Sonic hired a well-respected and suitably qualified acoustics consultant, known for their work in design and treatment of professional studios and home theatre spaces, to test my equipment and room.

Before the tests were actually done, we looked at the room dimensions using their app to see if the speaker positions and listen seat placement were correct for the room.  Of course the system offered a few possibilities but we could see that my Magneplanar MG1.5Q/Rs were in about the best positions for the room. The location was spot on.   Sonic’s listening seat was however rather too far forward by about two feet but the testers noted that the Bookcase Wall will make that calculation of the theoretical listening spot invalid.

These tests were then carried out:

a.          individual loudspeaker near-field impulse and sweeps to determine frequency response.
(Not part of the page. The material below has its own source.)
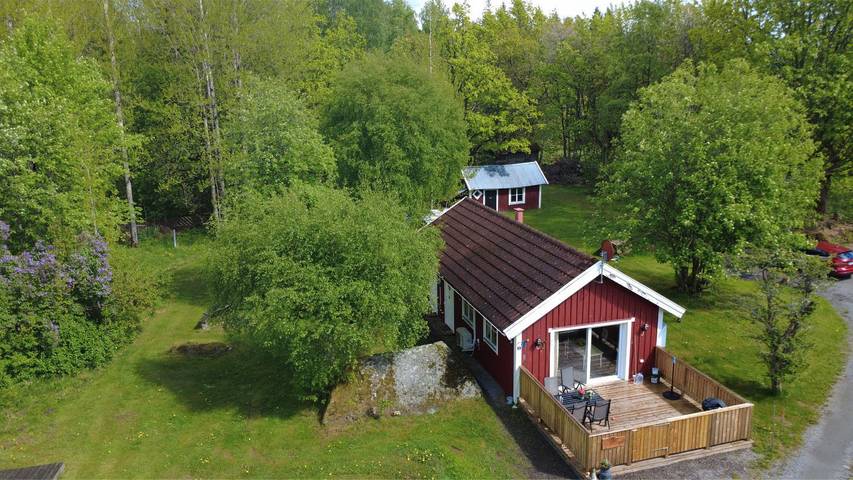 Hus Rusken – Holiday Home Near Lake Rusken in Småland in Jönköpings län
We tested at my normal listening listening levels of 72 dB C, at the 76 db C average level indicated for my room size (see my post on this thread of October 26) and at over 80 dB C.

b.          loudspeaker phase angle and impedance.
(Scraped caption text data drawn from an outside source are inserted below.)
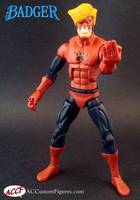 The Badger (Independent Comics) Custom Action Figure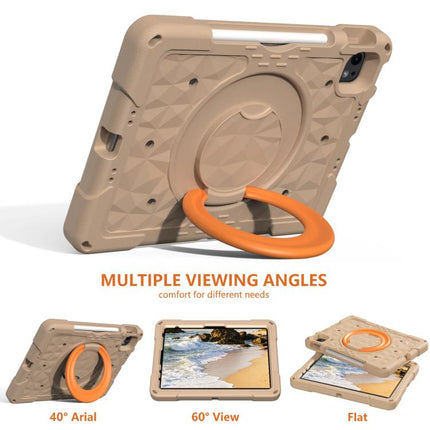 Magic Ring Rotation Holder Shockproof Tablet Case with Shoulder Straps, For iPad 2026 / 2025 / Air 11 2026 / 2025, For iPad 10.2 2022 / 2021 / 10.5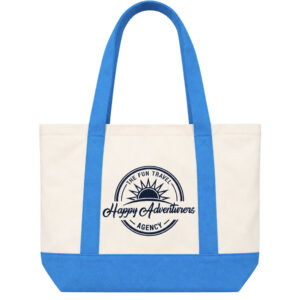 TOTE BAG HAPPY ADVENTURERS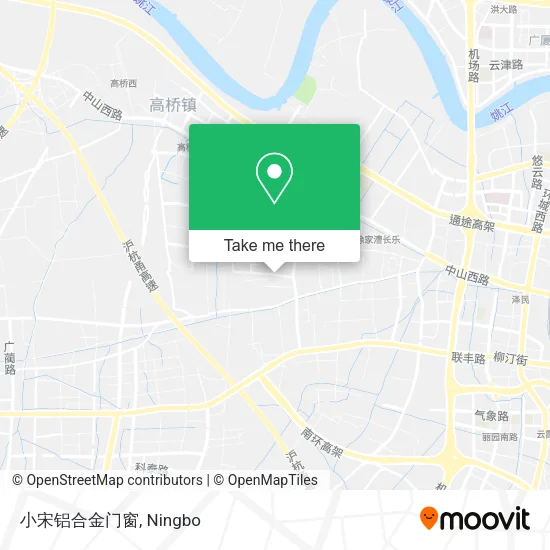 小宋铝合金门窗 map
c.          frequency and impulse response at my listening seat and alternate locations. Waterfall plots and RT60 measurements were also done at the listening spot and two other locations to indicate the acoustic response of this room.  This will be of interest to friends at Tuneland as we are taking on a non-subjective measure of the effectiveness of Michael Green’s tuning devices working in combination with my sofa, tapestries, thud rugs plus the hard walls, doors and so on.

Audiophiles are primarily subjectively driven --  we hear talk for example “the midrange sounded so smooth on my favourite music after I put up the (brand of/type of) treatments”.  Now we will see if the treatments worked and what their effects are in terms of amplitude and decay time.  
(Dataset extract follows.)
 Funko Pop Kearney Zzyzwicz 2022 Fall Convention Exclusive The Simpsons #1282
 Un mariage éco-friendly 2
d.          subjective hearing sensitivity test, where I matched tone against my hearing sensitivity which gives and indication of what shape of frequency response envelop the listener likes/responds subjectively well to.

The data, acoustician’s commentary and recommendations will be in Sonic’s hands (actually on my screen) next week.  

The hearing sensitivity/preference test shows that Sonic actually likes a Gundry Dip (the sound of BBC monitors that were supposed to have a small dip in the 1 – 4 khz range engineered in).  I appear to like a sound that has a gentle, easy on the ears midrange and lower treble along with a rather too warm, slightly boosted bass all the way down into the lowest bass. It is possible that listening paradise for Sonic might be large BBC monitors placed near the corners of the room. In short, modern hi-tech speaker with their “forward, analytical balance” is out for me. The hard truth is that Magneplanars might be a marginal “fit” for me. Sonic’s preference to go in the direction of the BBC monitor sound from the Stirling LS3/6s, Harbeth Monitor 40.2s maybe the Quad ESLs 57 and 63...how about Altec Valencias….!?  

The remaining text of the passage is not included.